Hey, kid! Good, you’re here!
Not sure if you’ve seen the news, but an employee from the IT department of one of our clients (CyberT) got arrested by the police. The guy was running a successful phishing operation as a side gig.
CyberT wants us to check if this person has done anything malicious to any of their assets. Get set up, grab a cup of coffee, and meet me in the conference room.
Here’s the machine our disgruntled IT user last worked on. Check if there’s anything our client needs to be worried about.
My advice: Look at the privileged commands that were run. That should get you started.
The user installed a package on the machine using elevated privileges. According to the logs, what is the full COMMAND?
cat /var/log/auth.log | grep "sudo" #to read the content of auth.log and filter with "sudo" keyword

What was the present working directory (PWD) when the previous command was run?
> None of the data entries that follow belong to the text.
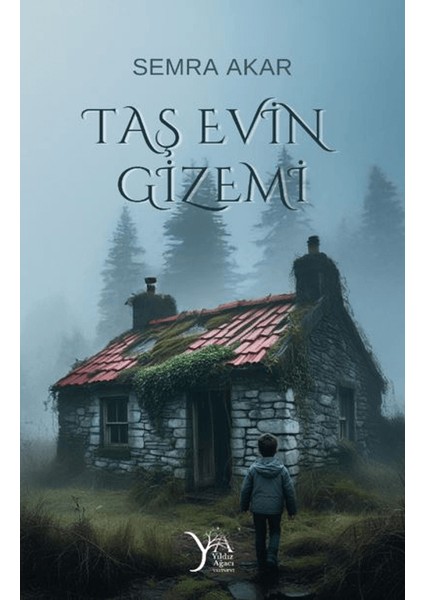 Taş Evin Gizemi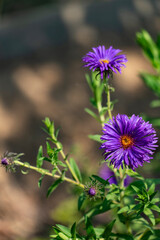 Obraz premium Vibrant Purple Aster in Bloom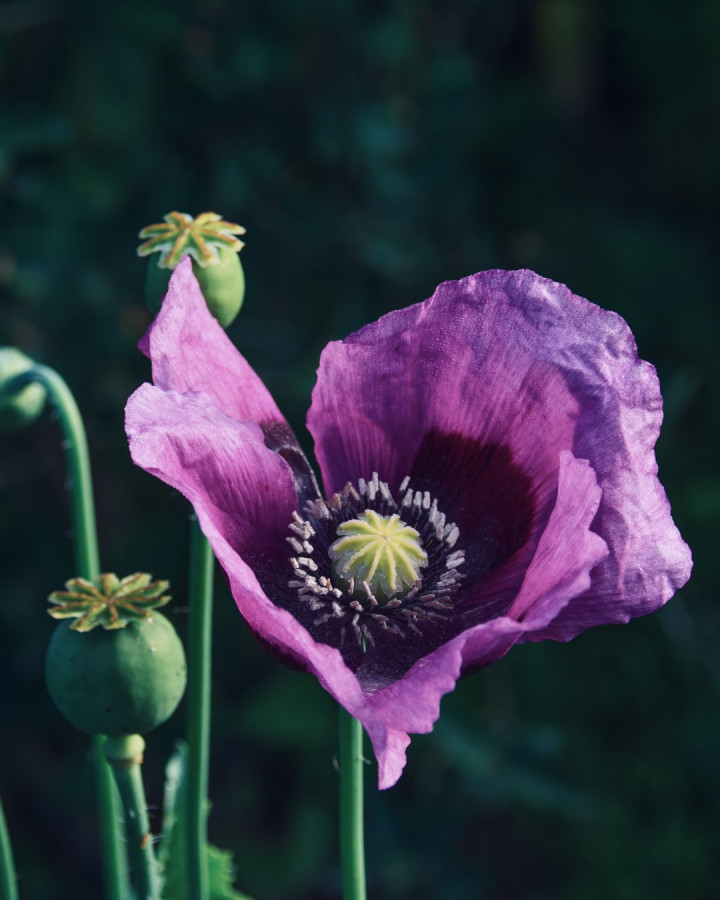 Did you know this about corn poppies?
Keep going. Our disgruntled IT was supposed to only install a service on this computer, so look for commands that are unrelated to that.
Which user was created after the package from the previous task was installed?
cat /var/log/auth.log | grep "adduser"

A user was then later given sudo privileges. When was the sudoers file updated? (Format: Month Day HH:MM:SS)
cat /var/log/auth.log | grep "visudo"

A script file was opened using the "vi" text editor. What is the name of this file?
cat /var/log/auth.log | grep "vi"

That bomb.sh file is a huge red flag! While a file is already incriminating in itself, we still need to find out where it came from and what it contains. The problem is that the file does not exist anymore.